The event, hosted by the Winston-Salem Black Chamber of Commerce, Preservation Forsyth, Triad Cultural Arts, International Civil Rights Center & Museum, Winston-Salem African American Archive, and Old Salem Museums & Gardens, began with the local history and cultural fair where the public had the opportunity to learn about the rich black history of Winston-Salem and organizations in the area that preserve and celebrate our local history and culture.
Following the cultural fair, attendees watched the film “I Am Not My Brother’s Keeper: Leadership and Civil Rights in Winston-Salem, North Carolina.” The film, which was written and directed by Mary M. Dalton and Susan Faust, tells how Carl W. Matthews, a student at Winston-Salem Teachers College at that time (now Winston-Salem State University), led a protest by taking seats at a lunch counter at S.H. Kress Department Store in 1960, starting a three-month-long action that ended in the successful desegregation of lunch counters in the city. The film, which was released in 2001, uses interviews with many of the students involved in the protest, professors and others to provide a sense of what the movement was to the students and how it shaped their lives.
After the screening of the film, local historian and longtime Winston-Salem residents Barbara Morris and James Webster, son-in-law of Carl Matthews, sat down to discuss the impact of the movement and answer questions from the crowd. Before delving into the conversation, Webster let it be known that although the Greensboro Four are recognized as the first to start the sit-in movement, the first sit-in victory came right here in Winston-Salem.
“Let me tell you this because they don’t tell you this, Carl Matthews had the first victory sit-in. He was the first to eat,” Webster said. “He sat down and he ate on May 25. What you must also understand is that Greensboro people didn’t eat until July 25; that’s almost two months later. We don’t hear that, but that’s what makes Winston-Salem so special; we were not the first, but we were the first to be successful.”

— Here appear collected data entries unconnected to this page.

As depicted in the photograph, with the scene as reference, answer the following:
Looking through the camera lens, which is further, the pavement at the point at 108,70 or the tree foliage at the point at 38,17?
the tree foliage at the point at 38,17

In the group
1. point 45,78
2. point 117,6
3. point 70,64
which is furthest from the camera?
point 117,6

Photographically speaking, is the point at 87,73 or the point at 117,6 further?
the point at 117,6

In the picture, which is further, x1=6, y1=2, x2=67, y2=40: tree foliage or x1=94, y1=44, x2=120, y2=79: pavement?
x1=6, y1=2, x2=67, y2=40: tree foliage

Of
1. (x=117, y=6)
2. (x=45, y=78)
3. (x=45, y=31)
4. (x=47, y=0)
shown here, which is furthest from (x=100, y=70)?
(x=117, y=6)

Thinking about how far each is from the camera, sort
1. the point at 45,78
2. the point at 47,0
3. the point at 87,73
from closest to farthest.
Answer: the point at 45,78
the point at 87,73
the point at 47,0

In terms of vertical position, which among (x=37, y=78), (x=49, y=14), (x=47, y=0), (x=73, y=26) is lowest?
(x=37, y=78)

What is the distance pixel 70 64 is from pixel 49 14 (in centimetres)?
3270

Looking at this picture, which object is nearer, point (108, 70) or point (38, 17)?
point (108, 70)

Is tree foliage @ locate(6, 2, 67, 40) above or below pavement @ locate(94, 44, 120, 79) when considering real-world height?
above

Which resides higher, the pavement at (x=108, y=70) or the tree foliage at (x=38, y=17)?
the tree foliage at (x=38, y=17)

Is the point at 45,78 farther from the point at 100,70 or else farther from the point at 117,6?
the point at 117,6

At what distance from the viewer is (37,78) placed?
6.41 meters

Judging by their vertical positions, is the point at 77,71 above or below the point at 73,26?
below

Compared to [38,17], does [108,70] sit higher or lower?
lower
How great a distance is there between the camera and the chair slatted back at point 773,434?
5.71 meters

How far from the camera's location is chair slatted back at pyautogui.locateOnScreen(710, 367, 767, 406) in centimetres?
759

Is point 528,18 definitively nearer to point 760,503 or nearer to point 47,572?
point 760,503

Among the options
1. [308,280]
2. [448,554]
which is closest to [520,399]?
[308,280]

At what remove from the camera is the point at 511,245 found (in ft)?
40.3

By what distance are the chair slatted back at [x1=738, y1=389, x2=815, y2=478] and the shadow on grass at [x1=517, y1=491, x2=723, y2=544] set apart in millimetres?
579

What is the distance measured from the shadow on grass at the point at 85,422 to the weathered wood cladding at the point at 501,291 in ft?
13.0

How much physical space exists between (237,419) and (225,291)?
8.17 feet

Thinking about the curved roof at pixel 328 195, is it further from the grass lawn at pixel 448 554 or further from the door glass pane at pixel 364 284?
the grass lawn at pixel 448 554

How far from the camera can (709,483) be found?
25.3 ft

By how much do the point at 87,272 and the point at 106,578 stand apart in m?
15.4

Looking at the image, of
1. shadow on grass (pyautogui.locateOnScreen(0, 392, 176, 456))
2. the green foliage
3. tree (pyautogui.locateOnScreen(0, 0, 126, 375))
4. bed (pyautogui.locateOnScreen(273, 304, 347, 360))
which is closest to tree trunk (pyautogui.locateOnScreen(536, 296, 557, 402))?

To begin the conversation, moderator Abrea Armstrong asked Morris what was it like for her during the sit-in movement. At the time of the movement, Morris was only 16 years old, but she remembers how the community, local businesses, and even churches rallied around the students from Winston-Salem Teachers College and Wake Forest College (now Wake Forest University) and marched through the streets of the city to show their support. She said, “As a young teenager, only 16, I marched every night.
“We marched from every part of Winston-Salem. We marched from Happy Hill Gardens to downtown, from King Court, Boston, really from all the black neighborhoods,” Morris continued. “The church also played a major part in the Civil Rights Movement because every night before we marched, we went to a church and had prayer and mapped out our plan. We were not just running around the city, we were a controlled group.”
In honor of the historic sit-in, on Sunday, Feb. 23, a community commemoration vigil will be held in downtown Winston-Salem to mark the 60th anniversary of the event. The vigil, which is scheduled to begin at 3 p.m., will begin in front of the Millennium Center, 101 West 5th Street, and end at the corner of Fourth and Liberty Streets where a historical marker designates the site as the location of the “First sit-in victory in North Carolina.”